Voxel-based morphometry / voxel-wise multiple regression in Python

I got to learn Python before using Matlab. Therefore when I needed to run my first VBM analyses, I quickly looked for a way to do this through Python scripts instead of clicking (and misclicking) hundreds of times using the graphical interface from SPM. As a summary of this past experience, here is a walkthrough to run such an analysis directly from a Python script. In particular, this recipe leverages on the nipype library. Note: it still requires Matlab and SPM but uses Python as an interface with them.

Data preparation

Let us first create the design matrix. Instead of copy-pasting it to SPM GUI, it will be just read from an Excel table.

import pandas as pd
excel_file = '/tmp/dm.xlsx'
data = pd.read_excel(excel_file, engine='openpyxl')
data.head()
id age sex apoe4
/tmp/VBM/data/smwc1_10013_BBRC02_E01344.nii 59.112936 1 0
/tmp/VBM/data/smwc1_10019_BBRC_E00046.nii 63.227926 0 0
/tmp/VBM/data/smwc1_10026_BBRC02_E06149.nii 70.951403 1 1
/tmp/VBM/data/smwc1_10032_BBRC02_E07242.nii 59.750856 1 0
/tmp/VBM/data/smwc1_10034_BBRC_E02026.nii 52.443532 1 1

The first column gives a list of paths to all the NIfTI files that shall be used in the analysis.

col1 = data.columns[0]
scans = data[col1].tolist()
print('First column: %s' % col1)
First column: id

The other columns will be used as regressors.

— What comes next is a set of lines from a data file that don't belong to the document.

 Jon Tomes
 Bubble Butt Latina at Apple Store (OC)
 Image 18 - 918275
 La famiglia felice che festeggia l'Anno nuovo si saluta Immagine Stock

names = list(data.columns[1:])
vectors = [data[e].tolist() for e in names]
print('Regressors in the model: %s' % str(names))
Regressors in the model: [age, sex, apoe4]

Contrasts are then defined as tuples. Each tuple follows the format: contrast name, type of statistical test, names of the columns to be used, weighting factors.

contrasts = []
cont1 = ('Effect of age (+)', 'T', ['age'], [1])
cont2 = ('Effect of age (-)', 'T', ['age'], [-1])
contrasts.append(cont1)
contrasts.append(cont2)

Now we are ready to build the analysis workflow.

Building the workflow

The workflow is composed of 3 consecutive nodes: first we design the model ("modeldesign"), then we estimate the model parameters ("estimatemodel") and finally we estimate the contrasts ("estimatecontrasts"').

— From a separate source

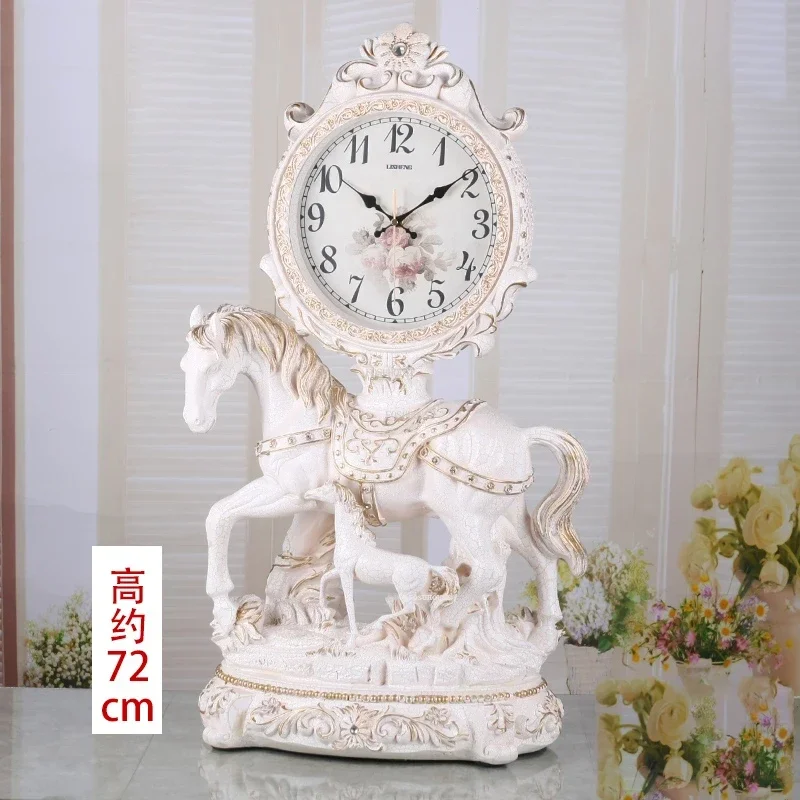 Retro Resin Standing Clock European Creative Horse Floor Clocks Home Decoration Pendulum Clock Living Room Watch Ornaments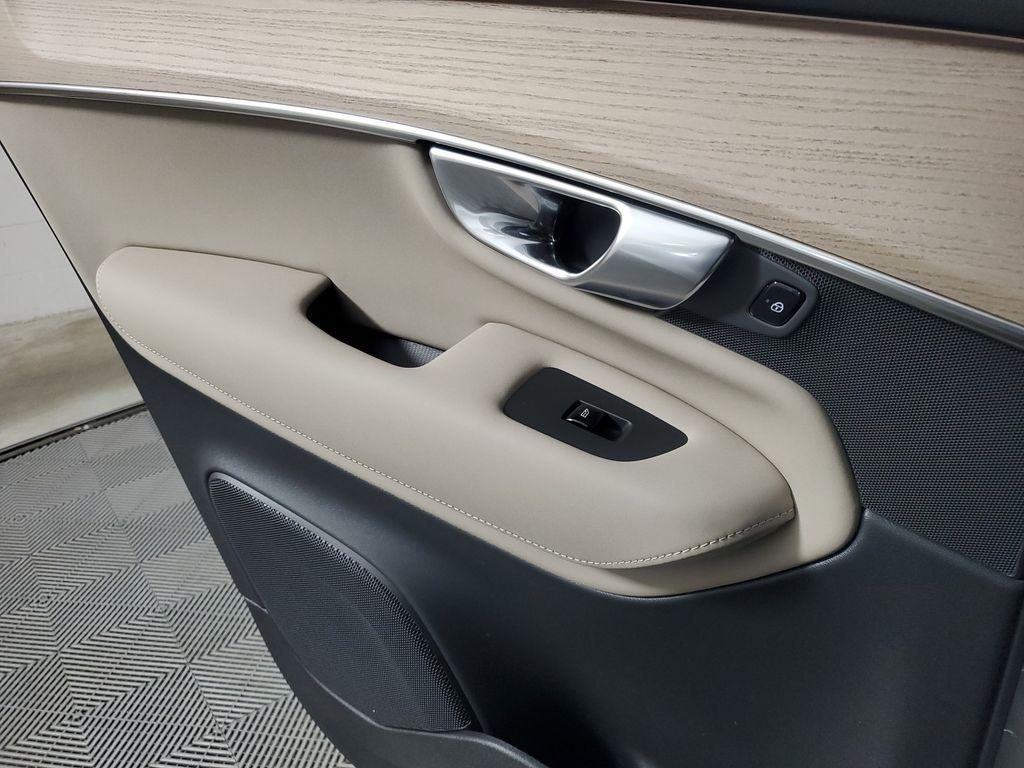 new 2026 Volvo XC90 car, priced at $70,995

The covariates need to be passed to the workflow in a certain format, which is easily achieved based on the previously prepared variables names and vectors.

covariates = []

centering = [1] * len(names)
for name, v, c in zip(names, vectors, centering):
    covariates.append(dict(name=name, centering=c, vector=v))

We may now create the nodes of the workflow. The first one (we called it "modeldesign") takes here the list of normalized scans, the covariates and some mask to restrict the area of the analysis.

import nipype.interfaces.spm as spm

explicit_mask = '/path/to/MNI_T1_brain_mask.nii'
model = spm.model.MultipleRegressionDesign(in_files=scans,
                                           user_covariates=covariates,
                                           explicit_mask_file=explicit_mask,
                                           use_implicit_threshold=True)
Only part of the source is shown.